Philosophy is a very articulate dream -- non-pictorial, conceptual, but still it is a dream, a very sophisticated dream. Unsophisticated people dream in pictures; sophisticated people dream in concepts -- but the quality remains the same.

The dream is that which prevents you from knowing the reality. All dreaming has to stop, has to cease. When your eyes are no more full of dreams, you will be able to see that which is. And that liberates, that uplifts, that transmutes!

A few things about the Sufi approach:

First, that it is more scientific than philosophic -- scientific in the sense that the criterion of truth has to be a practical result. If your religion is true, it will nourish you, it will strengthen you, it will expand you. The truth is not in the proofs -- only you can be the proof.

Vivekananda asked Ramakrishna, "What proofs are there of God's existence?"

And Ramakrishna said, "I am."

A strange answer.
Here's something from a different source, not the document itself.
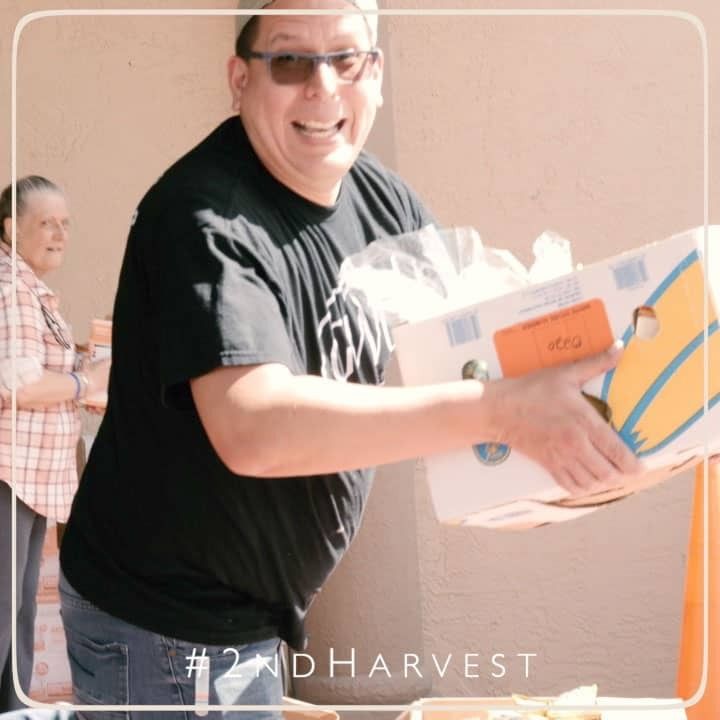 Man smiling, carrying a box of food at an outdoor distribution event.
Vivekananda had not expected that answer. You also would not have expected it, because when somebody is asking for a proof of God, then there are traditional, philosophical proofs. One expects those proofs. Vivekananda must have been thinking Ramakrishna would say, "Everything needs a creator. The world is, therefore there must be a creator. We may be able to see him or not, but the creator must be there because the world is."

But no, Ramakrishna didn't say anything like that. He was not a philosopher: he was a Sufi. He said, "I am! Look at me. feel me! Go into me! I can take you into that reality that you are calling God. What name you give to it is irrelevant. I have been to those heights -- I can lead the way for you too. Are you ready to come with me?"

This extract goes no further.